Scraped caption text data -
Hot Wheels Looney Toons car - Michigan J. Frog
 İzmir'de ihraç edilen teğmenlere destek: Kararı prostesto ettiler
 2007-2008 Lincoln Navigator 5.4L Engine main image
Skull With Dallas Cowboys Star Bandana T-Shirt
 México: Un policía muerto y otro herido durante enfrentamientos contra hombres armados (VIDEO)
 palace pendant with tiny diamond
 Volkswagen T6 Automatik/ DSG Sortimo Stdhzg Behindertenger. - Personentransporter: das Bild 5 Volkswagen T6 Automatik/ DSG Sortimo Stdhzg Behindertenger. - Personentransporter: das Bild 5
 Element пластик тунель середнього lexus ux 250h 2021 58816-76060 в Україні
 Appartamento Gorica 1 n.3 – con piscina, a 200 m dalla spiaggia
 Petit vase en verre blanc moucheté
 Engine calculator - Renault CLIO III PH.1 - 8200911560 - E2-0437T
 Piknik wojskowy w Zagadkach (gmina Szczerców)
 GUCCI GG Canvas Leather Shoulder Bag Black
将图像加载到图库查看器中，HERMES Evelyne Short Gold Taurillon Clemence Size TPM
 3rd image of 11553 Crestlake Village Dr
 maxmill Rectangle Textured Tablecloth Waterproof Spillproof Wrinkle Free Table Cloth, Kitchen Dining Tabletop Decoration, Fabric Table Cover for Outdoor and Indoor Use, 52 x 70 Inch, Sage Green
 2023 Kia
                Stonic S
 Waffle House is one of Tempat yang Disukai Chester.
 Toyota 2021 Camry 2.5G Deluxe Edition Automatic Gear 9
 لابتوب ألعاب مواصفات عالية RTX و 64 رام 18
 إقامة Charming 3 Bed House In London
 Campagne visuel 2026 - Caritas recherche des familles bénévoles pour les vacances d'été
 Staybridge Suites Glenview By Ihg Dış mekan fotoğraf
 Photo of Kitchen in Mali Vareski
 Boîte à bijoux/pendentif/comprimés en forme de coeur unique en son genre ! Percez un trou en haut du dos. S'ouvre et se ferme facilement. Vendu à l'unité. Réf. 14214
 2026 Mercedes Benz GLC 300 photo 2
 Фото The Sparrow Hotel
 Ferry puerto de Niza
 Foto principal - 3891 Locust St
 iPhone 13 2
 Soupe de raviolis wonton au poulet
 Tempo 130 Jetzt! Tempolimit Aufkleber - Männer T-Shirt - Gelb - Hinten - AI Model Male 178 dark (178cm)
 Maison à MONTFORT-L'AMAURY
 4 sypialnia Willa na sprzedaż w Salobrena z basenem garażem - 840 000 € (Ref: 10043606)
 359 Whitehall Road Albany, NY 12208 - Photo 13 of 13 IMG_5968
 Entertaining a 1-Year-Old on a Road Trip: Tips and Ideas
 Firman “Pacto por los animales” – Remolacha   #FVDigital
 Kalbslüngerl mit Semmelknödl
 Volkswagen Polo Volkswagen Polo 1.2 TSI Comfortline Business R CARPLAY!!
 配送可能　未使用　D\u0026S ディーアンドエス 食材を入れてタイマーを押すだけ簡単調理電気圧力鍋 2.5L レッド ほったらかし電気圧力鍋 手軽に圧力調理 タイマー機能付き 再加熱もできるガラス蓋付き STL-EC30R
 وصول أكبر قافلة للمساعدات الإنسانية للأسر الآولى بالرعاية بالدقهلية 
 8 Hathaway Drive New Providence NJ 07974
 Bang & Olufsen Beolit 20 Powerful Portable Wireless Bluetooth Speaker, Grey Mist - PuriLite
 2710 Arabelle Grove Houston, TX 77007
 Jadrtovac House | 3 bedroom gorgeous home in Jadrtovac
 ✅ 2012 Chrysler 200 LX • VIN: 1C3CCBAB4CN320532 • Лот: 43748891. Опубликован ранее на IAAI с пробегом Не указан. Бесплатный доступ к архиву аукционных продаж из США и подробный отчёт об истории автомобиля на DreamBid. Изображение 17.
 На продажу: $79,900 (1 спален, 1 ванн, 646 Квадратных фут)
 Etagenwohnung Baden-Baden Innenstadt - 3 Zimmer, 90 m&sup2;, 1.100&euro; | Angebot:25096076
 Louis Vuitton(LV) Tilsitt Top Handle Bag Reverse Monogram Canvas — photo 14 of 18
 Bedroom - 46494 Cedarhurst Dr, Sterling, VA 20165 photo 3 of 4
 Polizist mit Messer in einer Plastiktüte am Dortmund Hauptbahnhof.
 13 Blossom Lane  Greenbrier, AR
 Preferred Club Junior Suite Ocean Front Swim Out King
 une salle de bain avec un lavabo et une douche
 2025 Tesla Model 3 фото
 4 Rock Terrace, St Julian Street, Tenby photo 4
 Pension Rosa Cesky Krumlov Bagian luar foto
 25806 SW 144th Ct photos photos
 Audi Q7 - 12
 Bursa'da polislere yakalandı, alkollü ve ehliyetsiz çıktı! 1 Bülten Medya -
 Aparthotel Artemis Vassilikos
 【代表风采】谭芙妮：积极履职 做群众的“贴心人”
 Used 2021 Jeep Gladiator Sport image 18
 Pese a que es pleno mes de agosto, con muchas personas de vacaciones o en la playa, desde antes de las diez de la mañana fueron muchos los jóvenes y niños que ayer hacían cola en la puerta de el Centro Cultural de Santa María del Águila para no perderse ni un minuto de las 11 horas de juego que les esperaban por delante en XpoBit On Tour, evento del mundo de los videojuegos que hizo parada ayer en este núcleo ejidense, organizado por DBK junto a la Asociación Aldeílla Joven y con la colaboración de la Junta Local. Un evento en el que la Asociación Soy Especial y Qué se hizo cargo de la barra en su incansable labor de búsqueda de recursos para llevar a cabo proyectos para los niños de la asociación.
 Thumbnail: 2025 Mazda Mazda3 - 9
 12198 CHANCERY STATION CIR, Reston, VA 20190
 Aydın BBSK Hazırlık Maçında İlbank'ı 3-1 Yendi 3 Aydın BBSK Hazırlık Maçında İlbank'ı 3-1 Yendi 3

Aim of the task -
The answer should be the complete set of records, printed exactly.

Task answer -
Hot Wheels Looney Toons car - Michigan J. Frog
 İzmir'de ihraç edilen teğmenlere destek: Kararı prostesto ettiler
 2007-2008 Lincoln Navigator 5.4L Engine main image
Skull With Dallas Cowboys Star Bandana T-Shirt
 México: Un policía muerto y otro herido durante enfrentamientos contra hombres armados (VIDEO)
 palace pendant with tiny diamond
 Volkswagen T6 Automatik/ DSG Sortimo Stdhzg Behindertenger. - Personentransporter: das Bild 5 Volkswagen T6 Automatik/ DSG Sortimo Stdhzg Behindertenger. - Personentransporter: das Bild 5
 Element пластик тунель середнього lexus ux 250h 2021 58816-76060 в Україні
 Appartamento Gorica 1 n.3 – con piscina, a 200 m dalla spiaggia
 Petit vase en verre blanc moucheté
 Engine calculator - Renault CLIO III PH.1 - 8200911560 - E2-0437T
 Piknik wojskowy w Zagadkach (gmina Szczerców)
 GUCCI GG Canvas Leather Shoulder Bag Black
将图像加载到图库查看器中，HERMES Evelyne Short Gold Taurillon Clemence Size TPM
 3rd image of 11553 Crestlake Village Dr
 maxmill Rectangle Textured Tablecloth Waterproof Spillproof Wrinkle Free Table Cloth, Kitchen Dining Tabletop Decoration, Fabric Table Cover for Outdoor and Indoor Use, 52 x 70 Inch, Sage Green
 2023 Kia
                Stonic S
 Waffle House is one of Tempat yang Disukai Chester.
 Toyota 2021 Camry 2.5G Deluxe Edition Automatic Gear 9
 لابتوب ألعاب مواصفات عالية RTX و 64 رام 18
 إقامة Charming 3 Bed House In London
 Campagne visuel 2026 - Caritas recherche des familles bénévoles pour les vacances d'été
 Staybridge Suites Glenview By Ihg Dış mekan fotoğraf
 Photo of Kitchen in Mali Vareski
 Boîte à bijoux/pendentif/comprimés en forme de coeur unique en son genre ! Percez un trou en haut du dos. S'ouvre et se ferme facilement. Vendu à l'unité. Réf. 14214
 2026 Mercedes Benz GLC 300 photo 2
 Фото The Sparrow Hotel
 Ferry puerto de Niza
 Foto principal - 3891 Locust St
 iPhone 13 2
 Soupe de raviolis wonton au poulet
 Tempo 130 Jetzt! Tempolimit Aufkleber - Männer T-Shirt - Gelb - Hinten - AI Model Male 178 dark (178cm)
 Maison à MONTFORT-L'AMAURY
 4 sypialnia Willa na sprzedaż w Salobrena z basenem garażem - 840 000 € (Ref: 10043606)
 359 Whitehall Road Albany, NY 12208 - Photo 13 of 13 IMG_5968
 Entertaining a 1-Year-Old on a Road Trip: Tips and Ideas
 Firman “Pacto por los animales” – Remolacha   #FVDigital
 Kalbslüngerl mit Semmelknödl
 Volkswagen Polo Volkswagen Polo 1.2 TSI Comfortline Business R CARPLAY!!
 配送可能　未使用　D\u0026S ディーアンドエス 食材を入れてタイマーを押すだけ簡単調理電気圧力鍋 2.5L レッド ほったらかし電気圧力鍋 手軽に圧力調理 タイマー機能付き 再加熱もできるガラス蓋付き STL-EC30R
 وصول أكبر قافلة للمساعدات الإنسانية للأسر الآولى بالرعاية بالدقهلية 
 8 Hathaway Drive New Providence NJ 07974
 Bang & Olufsen Beolit 20 Powerful Portable Wireless Bluetooth Speaker, Grey Mist - PuriLite
 2710 Arabelle Grove Houston, TX 77007
 Jadrtovac House | 3 bedroom gorgeous home in Jadrtovac
 ✅ 2012 Chrysler 200 LX • VIN: 1C3CCBAB4CN320532 • Лот: 43748891. Опубликован ранее на IAAI с пробегом Не указан. Бесплатный доступ к архиву аукционных продаж из США и подробный отчёт об истории автомобиля на DreamBid. Изображение 17.
 На продажу: $79,900 (1 спален, 1 ванн, 646 Квадратных фут)
 Etagenwohnung Baden-Baden Innenstadt - 3 Zimmer, 90 m&sup2;, 1.100&euro; | Angebot:25096076
 Louis Vuitton(LV) Tilsitt Top Handle Bag Reverse Monogram Canvas — photo 14 of 18
 Bedroom - 46494 Cedarhurst Dr, Sterling, VA 20165 photo 3 of 4
 Polizist mit Messer in einer Plastiktüte am Dortmund Hauptbahnhof.
 13 Blossom Lane  Greenbrier, AR
 Preferred Club Junior Suite Ocean Front Swim Out King
 une salle de bain avec un lavabo et une douche
 2025 Tesla Model 3 фото
 4 Rock Terrace, St Julian Street, Tenby photo 4
 Pension Rosa Cesky Krumlov Bagian luar foto
 25806 SW 144th Ct photos photos
 Audi Q7 - 12
 Bursa'da polislere yakalandı, alkollü ve ehliyetsiz çıktı! 1 Bülten Medya -
 Aparthotel Artemis Vassilikos
 【代表风采】谭芙妮：积极履职 做群众的“贴心人”
 Used 2021 Jeep Gladiator Sport image 18
 Pese a que es pleno mes de agosto, con muchas personas de vacaciones o en la playa, desde antes de las diez de la mañana fueron muchos los jóvenes y niños que ayer hacían cola en la puerta de el Centro Cultural de Santa María del Águila para no perderse ni un minuto de las 11 horas de juego que les esperaban por delante en XpoBit On Tour, evento del mundo de los videojuegos que hizo parada ayer en este núcleo ejidense, organizado por DBK junto a la Asociación Aldeílla Joven y con la colaboración de la Junta Local. Un evento en el que la Asociación Soy Especial y Qué se hizo cargo de la barra en su incansable labor de búsqueda de recursos para llevar a cabo proyectos para los niños de la asociación.
 Thumbnail: 2025 Mazda Mazda3 - 9
 12198 CHANCERY STATION CIR, Reston, VA 20190
 Aydın BBSK Hazırlık Maçında İlbank'ı 3-1 Yendi 3 Aydın BBSK Hazırlık Maçında İlbank'ı 3-1 Yendi 3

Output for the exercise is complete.